Mexico’s automotive supply chain continues to grow, evidence of which can be seen in the investments that have poured into the plastics industry in the first nine months of the year.
The Economy Secretariat reports that foreign direct investment in the national plastic sector totaled US $548.4 million, up 20% over the same period last year. For the past five years, the total comes to some $4 billion, with most of it concentrated in just five states.
The high-resistance plastic parts are supplying the automotive industry for the most part, but aerospace and technology firms are also customers. Among the customers are companies such as Bombardier, Grupo Safran, Nissan and Audi.
Plastic manufacturers include Grupo Kostal, ABC Group, Toyoda Gosei and Technimark, and are found primarily in the Federal District and the states of Puebla, Querétaro, Baja California and Nuevo León, where their customers are.
The Federal District has benefited most from the investments over the past five years, taking 34% of the total.

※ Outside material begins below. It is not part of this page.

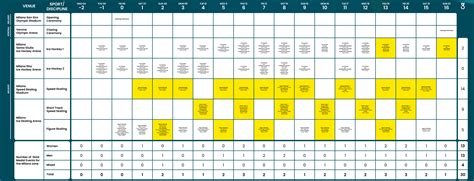 Olympic Schedule - Milano Cortina 2026 - Team Canada - Official Olympic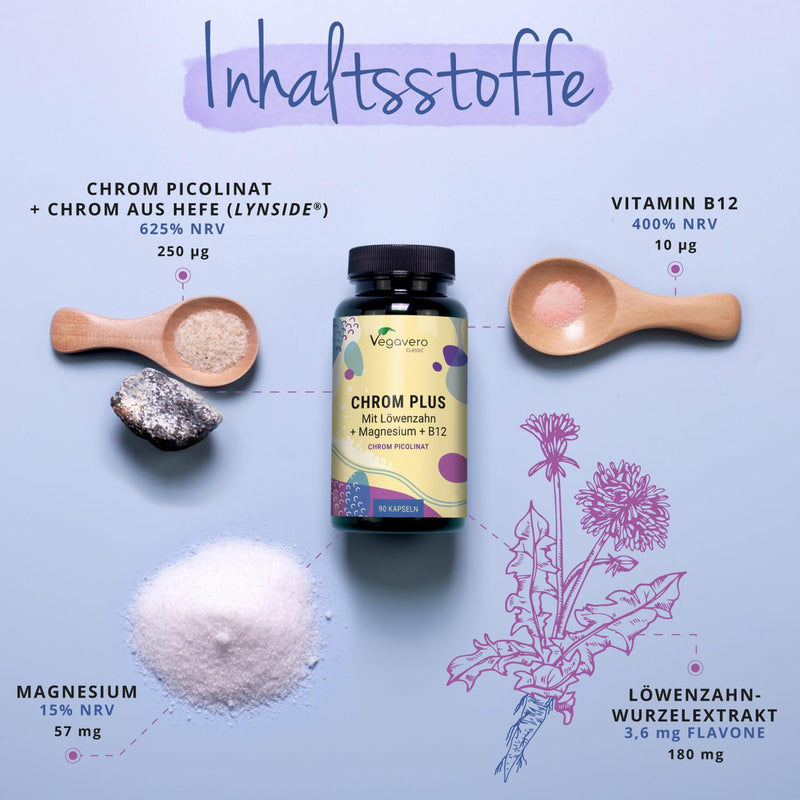 Chrome capsules | High dosage: 250 μg Chromium Picolinate & LYNSIDE® | With magnesium, B12, dandelion | For blood sugar levels* | German production of Vegavero® | Without additives | 90 capsules - NewNest Australia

One of those automotive industry suppliers has just announced it will build its second injection moulding plant in Mexico. Monaco-based Mecaplast has operated a plant in Puebla since 2002, where it builds body parts.
The factory in Silao, Guanajuato, will focus more on engine parts, and export part of its production to the United States and Canada, said the company’s Philippe Vayssettes.
The new plant will be operational in 2017 and will be located near General Motors, Volkswagen, Honda and Mazda manufacturing facilities.
The increase in plastics manufacturers is expected to bring an increase as well in petrochemical manufacturing investment, depending on how energy reform unfolds, says Miguel Benedetto of the National Chemical Industry Association.
More of the resins used to make plastic parts could be produced domestically, he said.